━━ RECORDS FOR THE TASK ━━

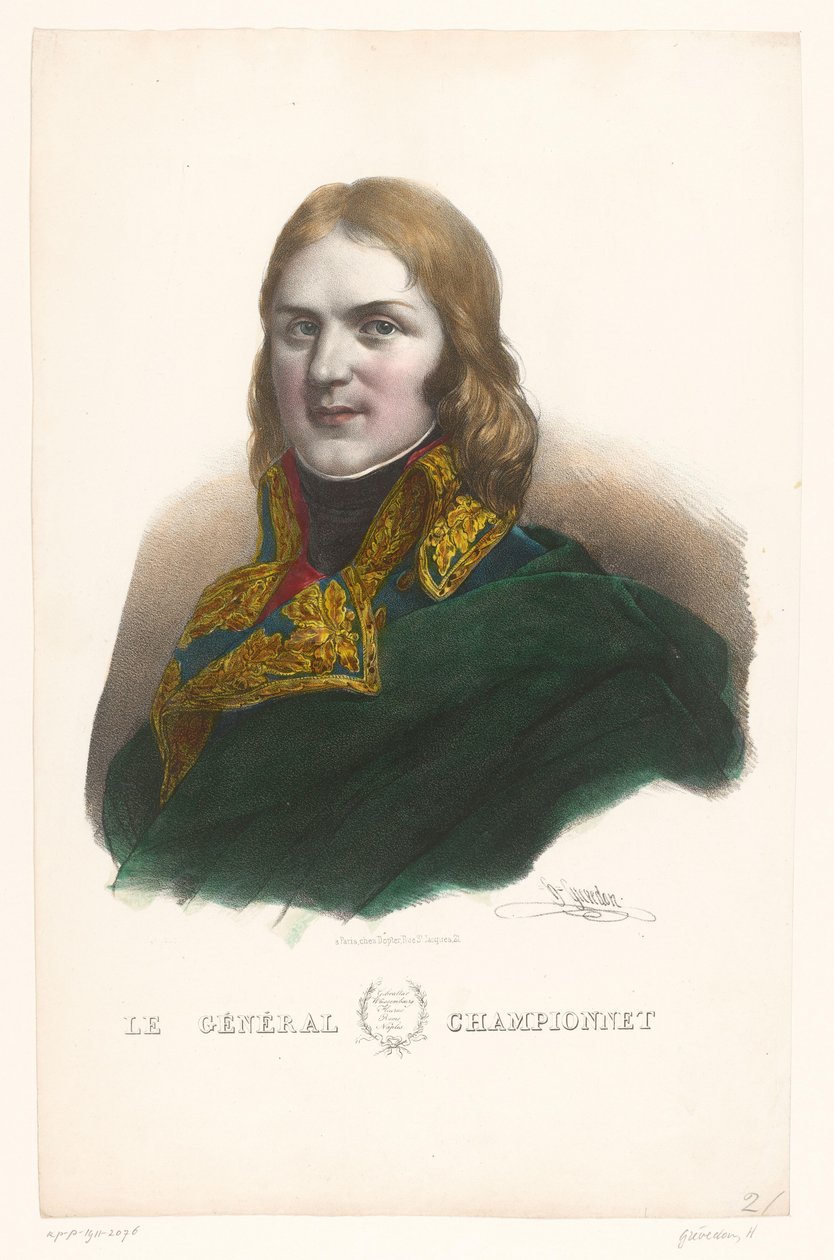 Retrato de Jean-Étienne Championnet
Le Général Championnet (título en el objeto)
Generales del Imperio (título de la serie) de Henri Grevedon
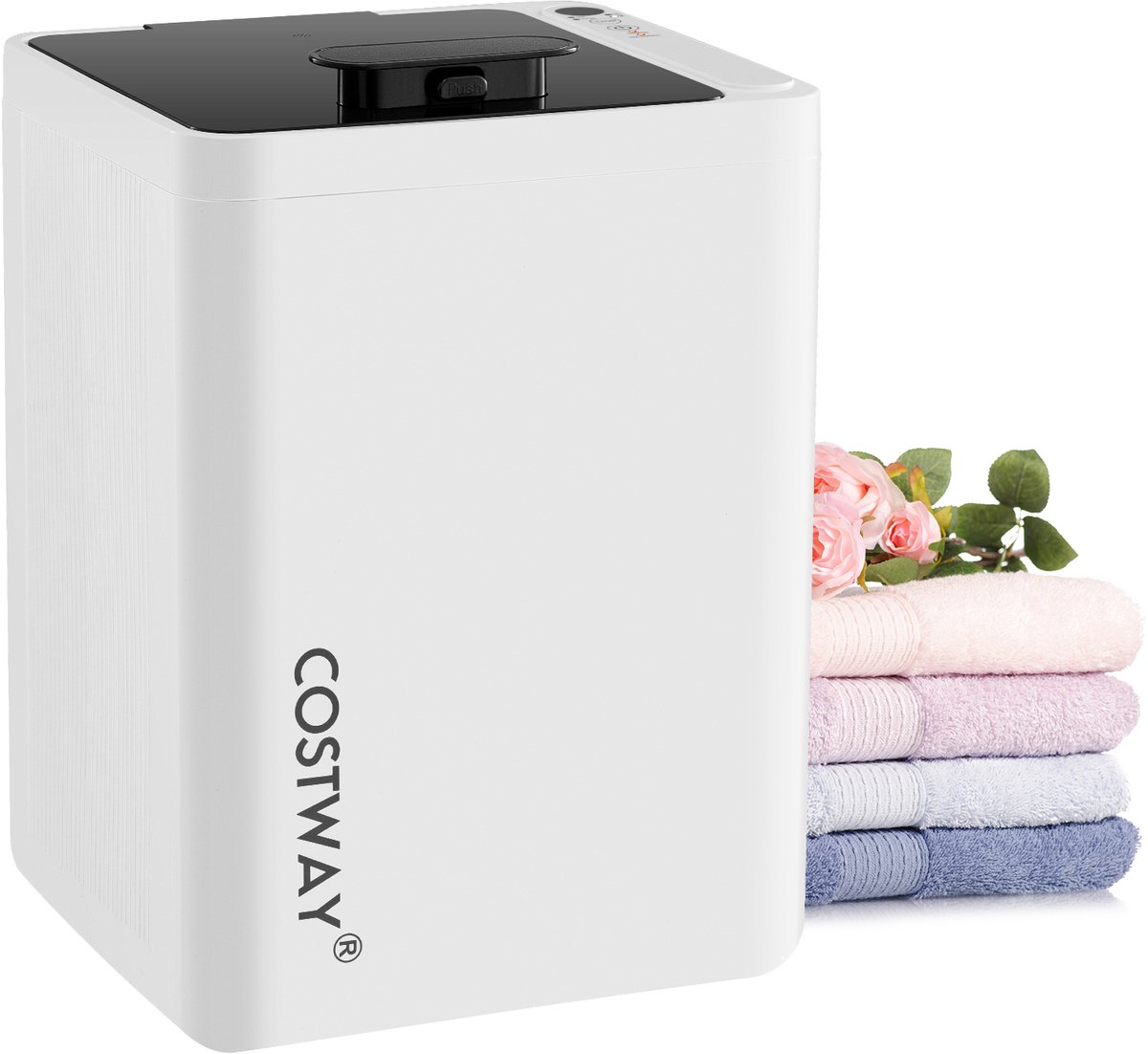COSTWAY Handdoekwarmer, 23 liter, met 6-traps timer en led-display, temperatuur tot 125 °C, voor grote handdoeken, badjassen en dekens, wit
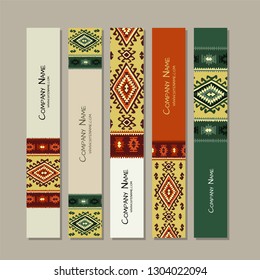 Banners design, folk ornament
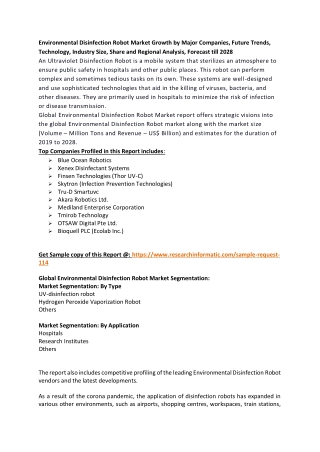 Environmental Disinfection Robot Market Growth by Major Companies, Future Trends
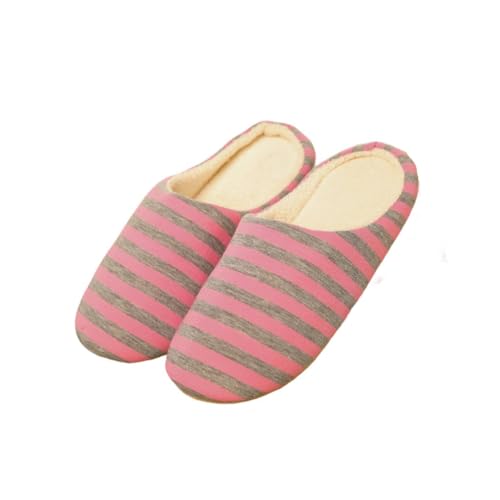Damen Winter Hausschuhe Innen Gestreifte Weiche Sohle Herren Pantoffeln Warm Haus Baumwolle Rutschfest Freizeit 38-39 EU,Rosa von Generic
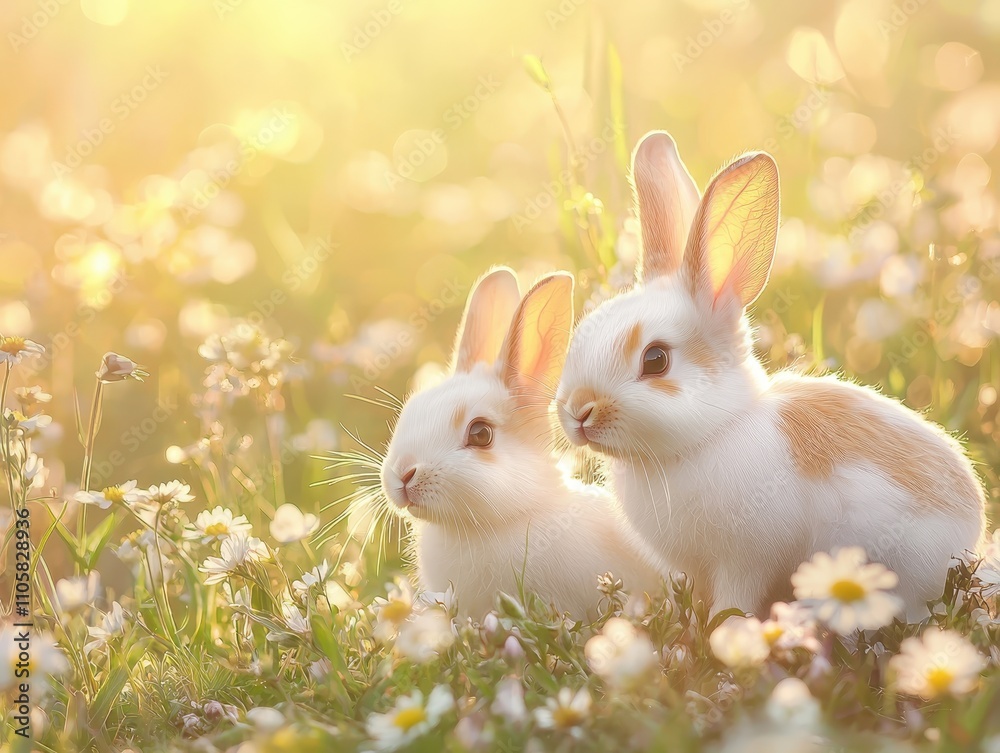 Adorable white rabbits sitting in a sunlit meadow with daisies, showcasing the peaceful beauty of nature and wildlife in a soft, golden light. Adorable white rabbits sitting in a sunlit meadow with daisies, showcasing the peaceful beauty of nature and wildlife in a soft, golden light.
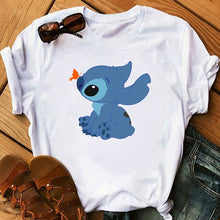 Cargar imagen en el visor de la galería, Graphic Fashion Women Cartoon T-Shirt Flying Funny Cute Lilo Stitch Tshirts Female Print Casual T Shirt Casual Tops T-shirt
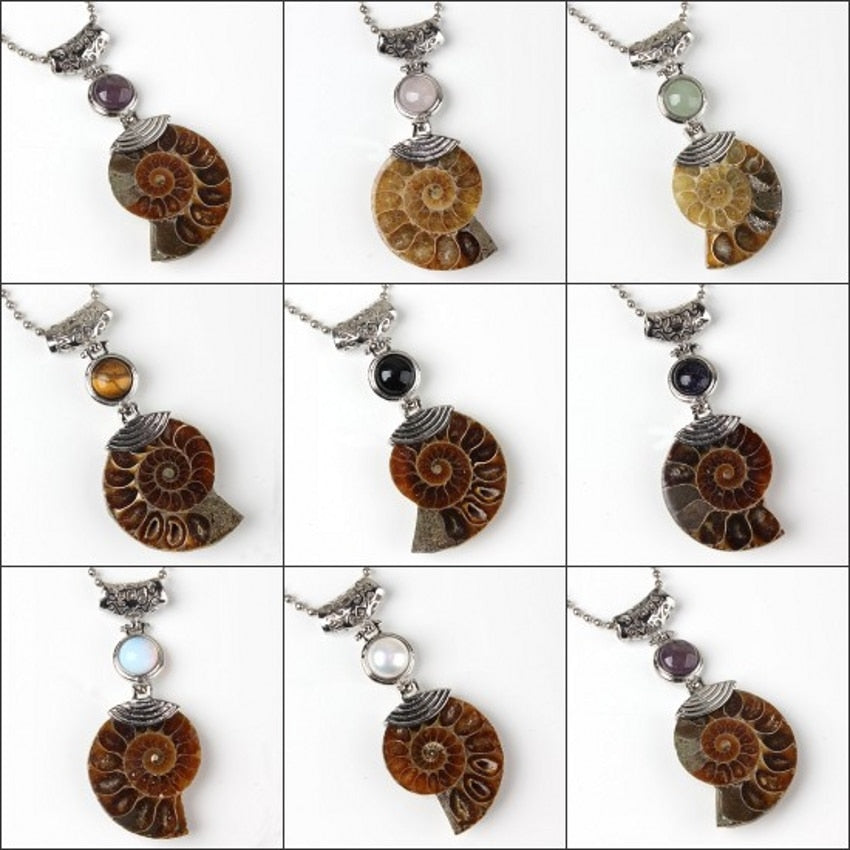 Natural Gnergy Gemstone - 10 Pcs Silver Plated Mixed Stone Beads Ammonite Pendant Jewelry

━━━

__TASK TO CARRY OUT__
Every line above in which the word "título" occurs is to be copied.

__COMPLETED TASK__
Le Général Championnet (título en el objeto)
Generales del Imperio (título de la serie) de Henri Grevedon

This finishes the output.